▶ [DATA SEGMENT]
════════

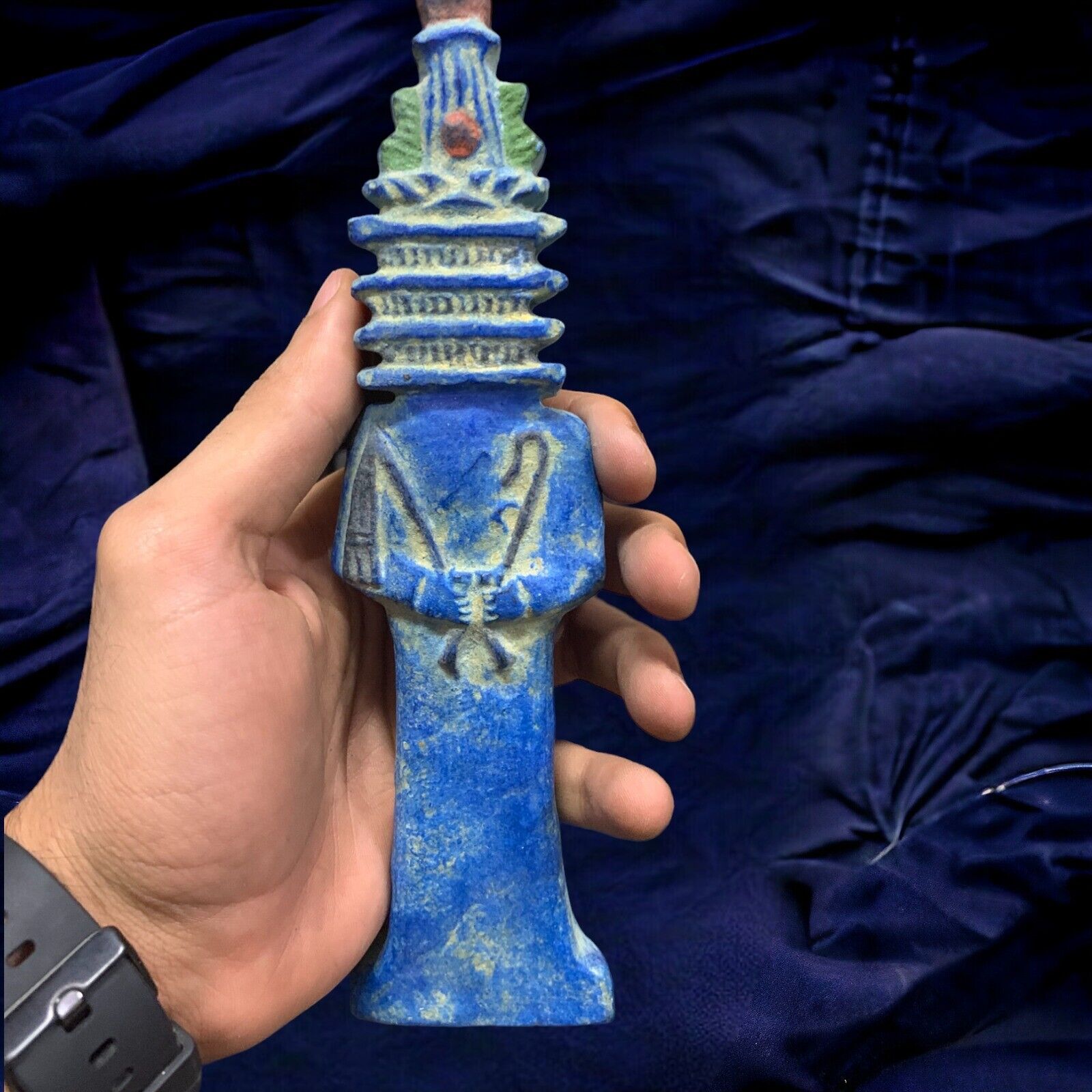 Unlock Spiritual Energies with Handmade Blue Egyptian Djed Pillar - Osiris Body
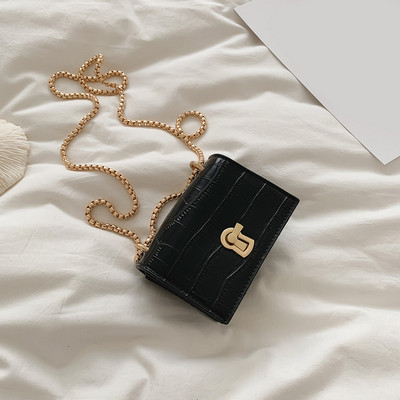 PU Δερμάτινη Casual Messenger Crossbody Τσάντα Γυναικεία Μονόχρωμη Μίνι Αλυσίδα Τσάντες ώμου Νεανικές Γυναικείες Μικρή Τετράγωνη Τσάντα Bolsas Mujer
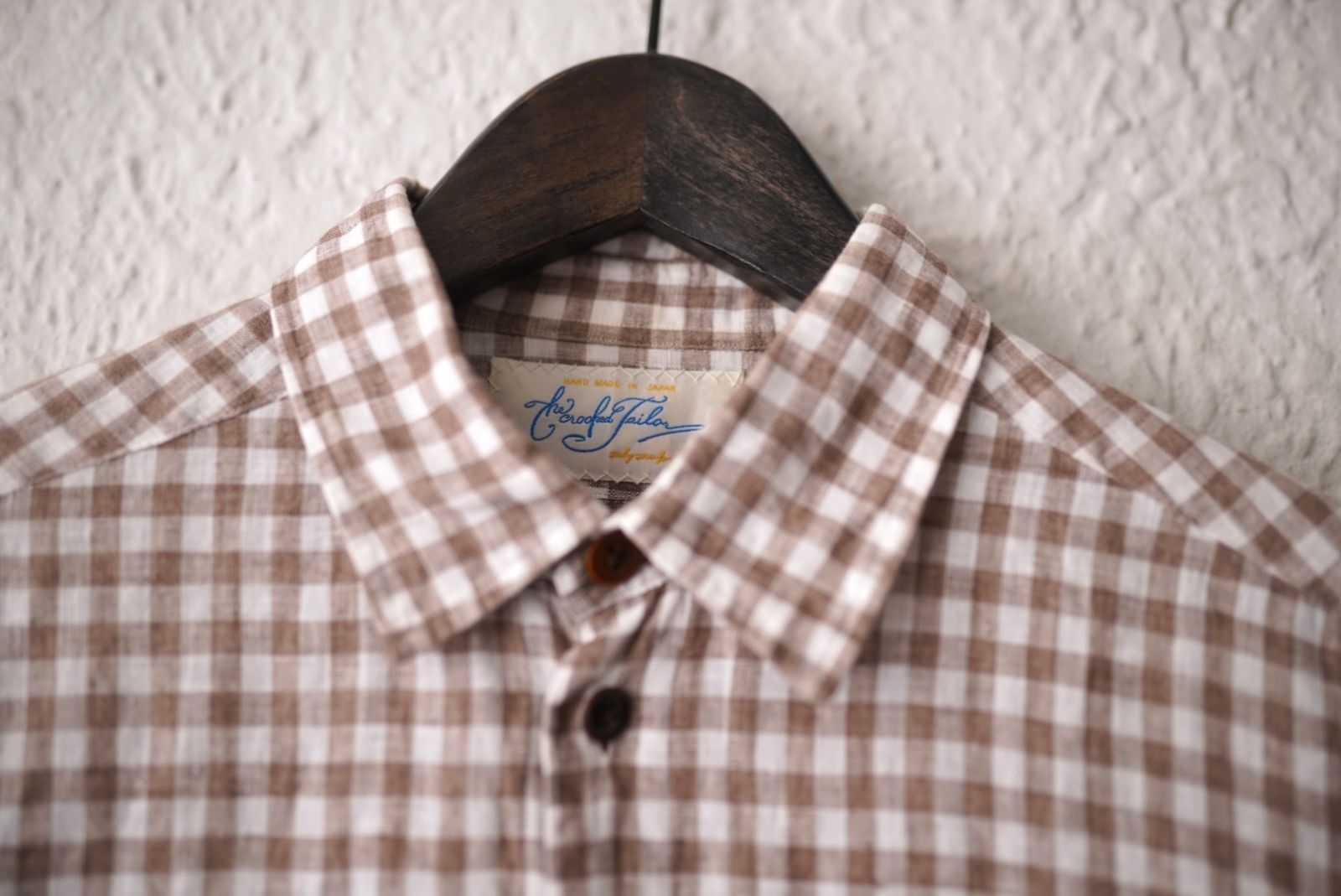16SS Regular Collar Classic Shirts リネンチェックシャツ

════════

▶ [INSTRUCTIONS FOR THE TASK] Each line of the data above must be reproduced as written. Skip the pictures.

▶ [EXERCISE RESULT]
 Unlock Spiritual Energies with Handmade Blue Egyptian Djed Pillar - Osiris Body
 PU Δερμάτινη Casual Messenger Crossbody Τσάντα Γυναικεία Μονόχρωμη Μίνι Αλυσίδα Τσάντες ώμου Νεανικές Γυναικείες Μικρή Τετράγωνη Τσάντα Bolsas Mujer
16SS Regular Collar Classic Shirts リネンチェックシャツ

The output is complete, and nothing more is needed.